W3C home > Mailing lists > Public > public-webappsec@w3.org > March 2016

Re: iFrame access

From: Craig Francis <craig.francis@gmail.com>
Date: Tue, 29 Mar 2016 11:04:31 +0100
Cc: WebAppSec WG <public-webappsec@w3.org>
Message-Id: <307D0EDC-DF85-4058-A030-1127DF62BF8E@gmail.com>
To: Chris Palmer <palmer@google.com>
On 28 Mar 2016, at 20:39, Chris Palmer <palmer@google.com> wrote:

> I'd much rather have the embedder explicitly pass the relevant text ... an iframe element attribute.
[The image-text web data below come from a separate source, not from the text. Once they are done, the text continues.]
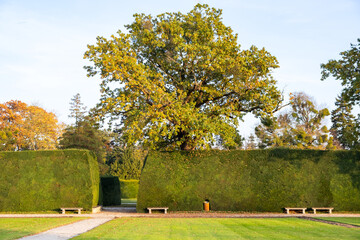 Green and yellow trees in early autumn park.
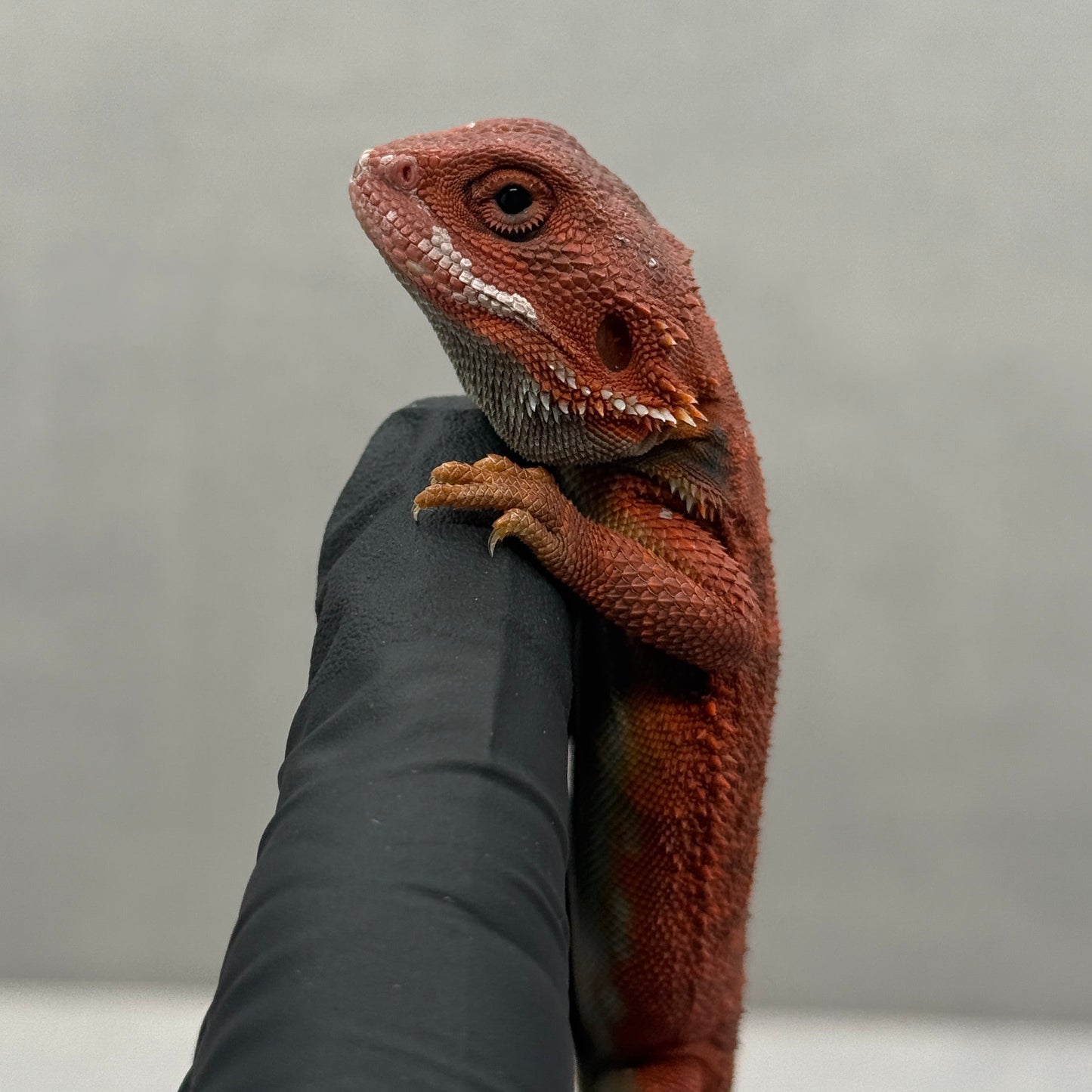 VIBRANT RED Hypo Trans Bearded Dragon 647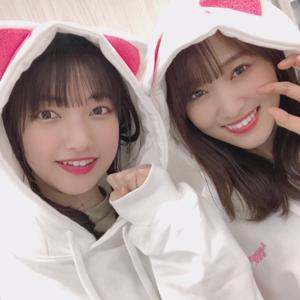 対の関係はいろんなところで成り - 画像8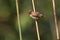 Scaly-breasted munia bird in Nepal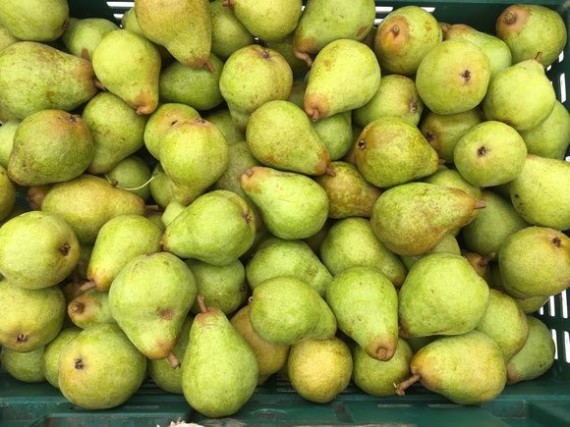 pears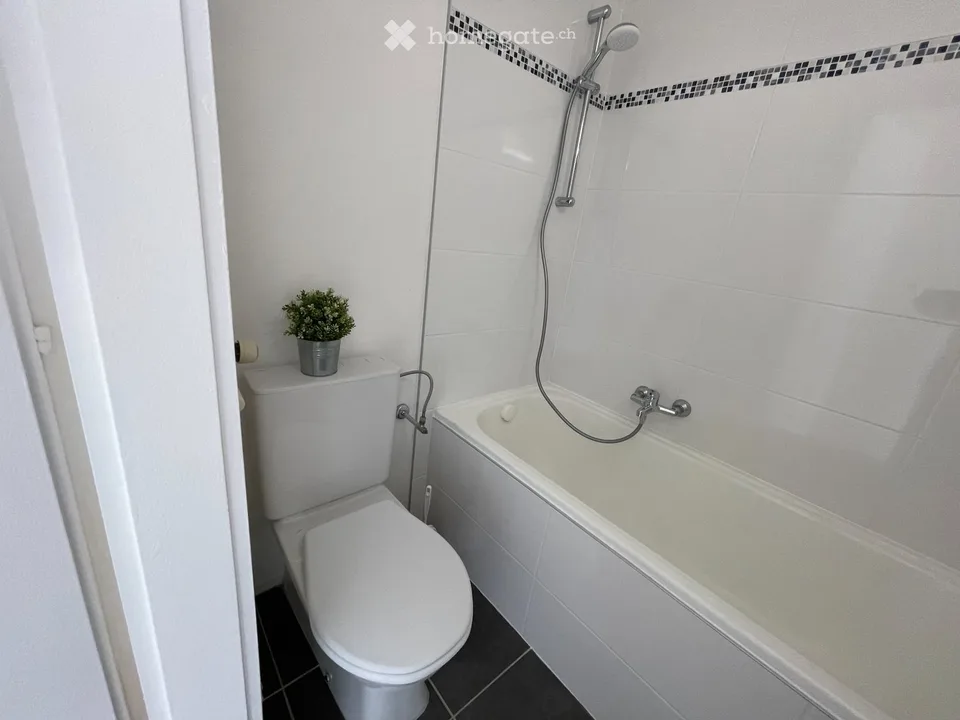 Renovated studio with panoramic view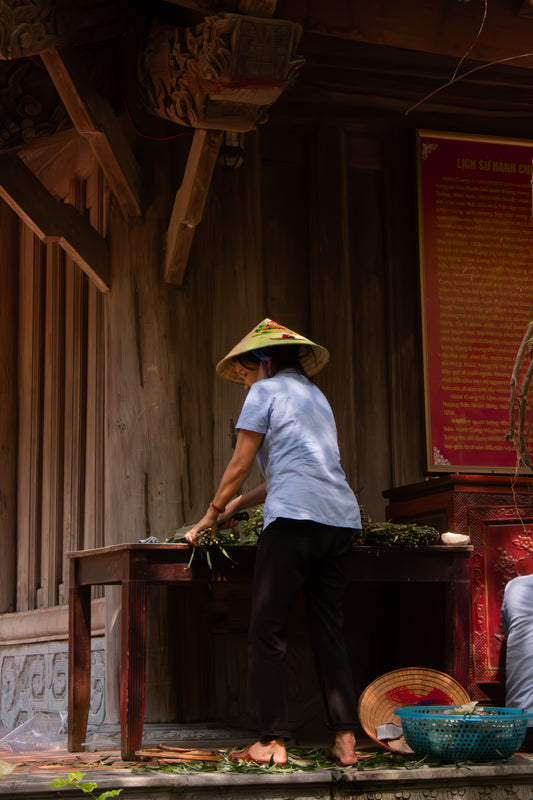 HO CHI MINH
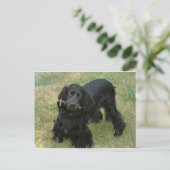 schwarzenglische Cocker spaniel full 2 Postkarte (Stehend Vorderseite)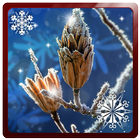 Winter Snowfall 3D Paralax LWP icon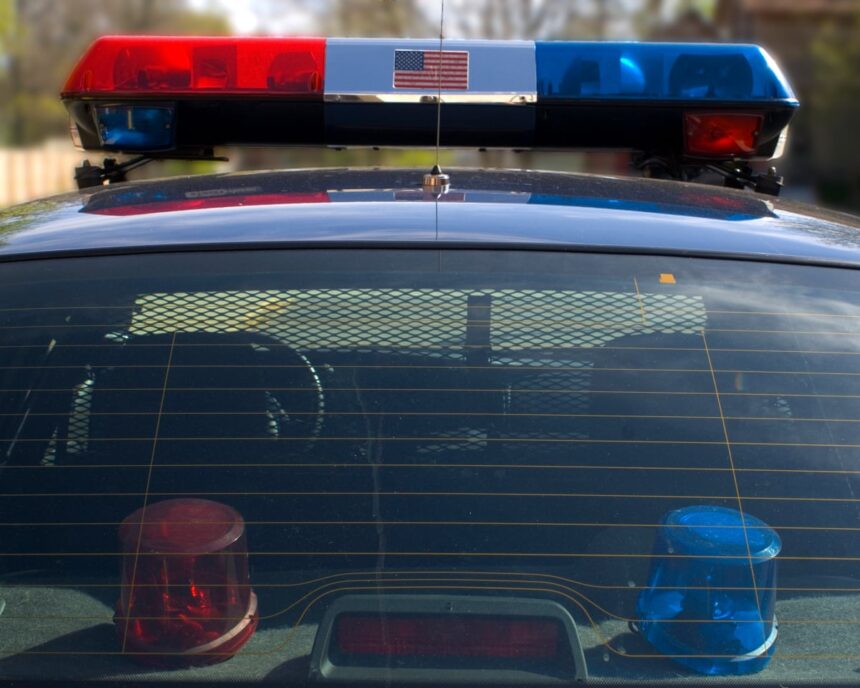 hero dog leads police to florida woman 86 who had fallen while walking him 68e7aeb404252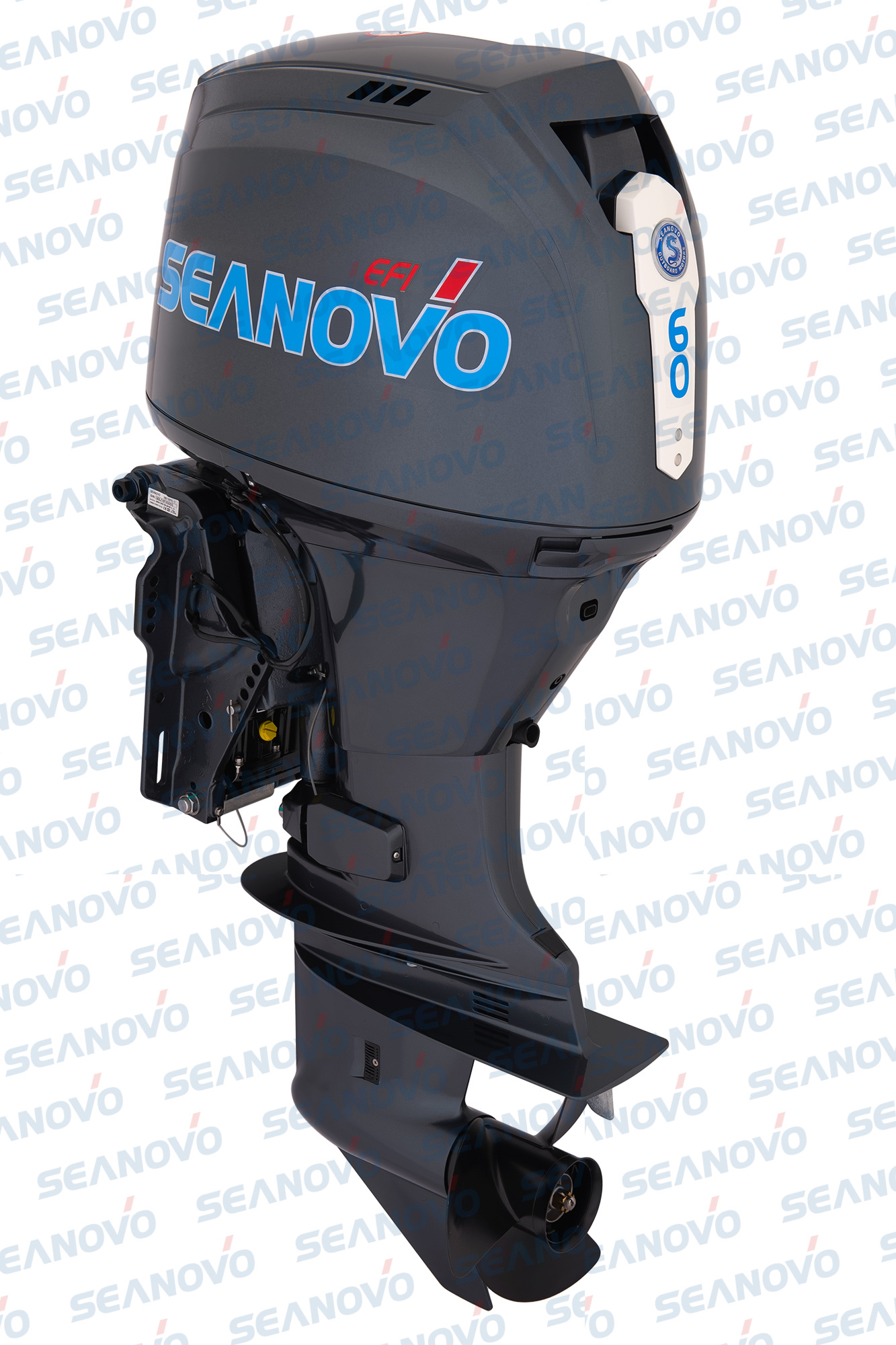 Мотор Seanovo SNEF60FVEL-T - EFI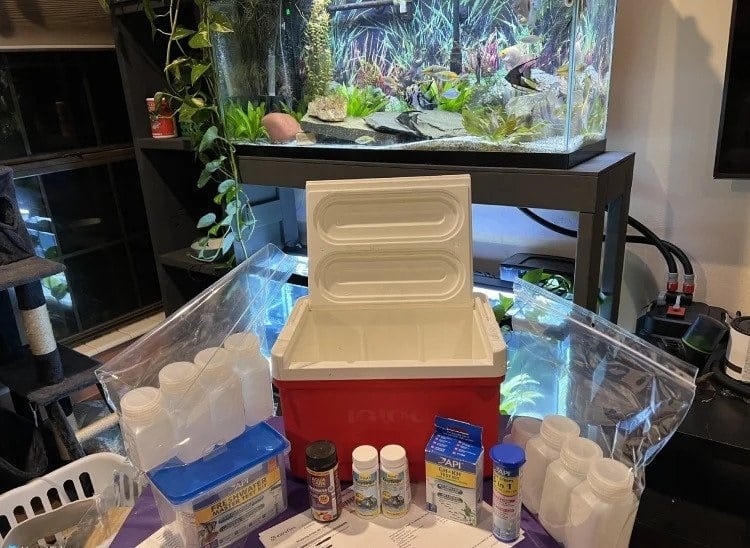 Test Calcium in a Freshwater Aquarium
Actually, this is a good point...

Taylor Hunt suggested something similar on WICG Discourse:

https://discourse.wicg.io/t/feature-request-allow-auto-resize-on-iframe/1405/5 <https://discourse.wicg.io/t/feature-request-allow-auto-resize-on-iframe/1405/5>

They wanted variables to be passed into the iframe (in their case to customise the CSS, maybe the widget could set a theme colour?).

Maybe this is worth considering?

It would be easier than passing everything though the iframe src, e.g.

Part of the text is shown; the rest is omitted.